Cooling performance of solid containing water for spray assisted dry cooling towers

• Multicomponent discrete phase model in FLUENT is modified.
• The new model is partially validated against experimental data.
• Micro analysis of data obtained from SEM was performed.
• Various benefits of using saline water in spray cooling are outlined.

This article investigates the performance of saline water, compared to pure water in spray cooling and demonstrates the existence of several advantages. To simulate the crystallisation behaviour of saline water droplets, a set of modifications are made to the multicomponent discrete phase model (DPM) of ANSYS FLUENT. After validation against single droplet data, a practical spraying application with a single nozzle in a vertical flow path is studied. The results are compared with a similar case using pure water as the coolant. It is shown that using saline water for spray cooling improves cooling efficiency by 8% close to the nozzle. Furthermore, full evaporation takes place substantially earlier compared to the pure water case.

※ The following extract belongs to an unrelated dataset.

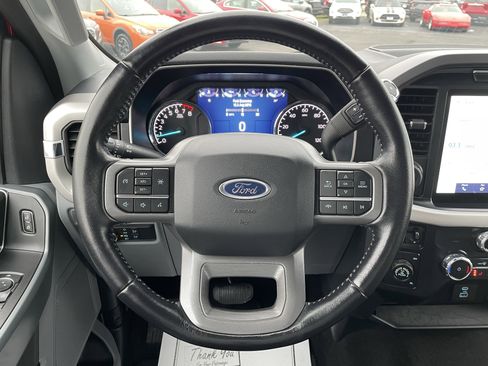 Used 2022 Ford F150 XLT w/ Equipment Group 302A High image 18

The mechanism behind this phenomenon is explained. The consequence of this is a reduction of up to 30% in the distance between nozzle and the creation of a dry gas stream. This paper provides new fundamental understanding in the area of saline spray cooling, and shows that the use of saline water can lead to a number of benefits, such as reduced water costs (compared to pure fresh water), reduced infrastructure costs (more compact cooling towers), and improved cooling performance.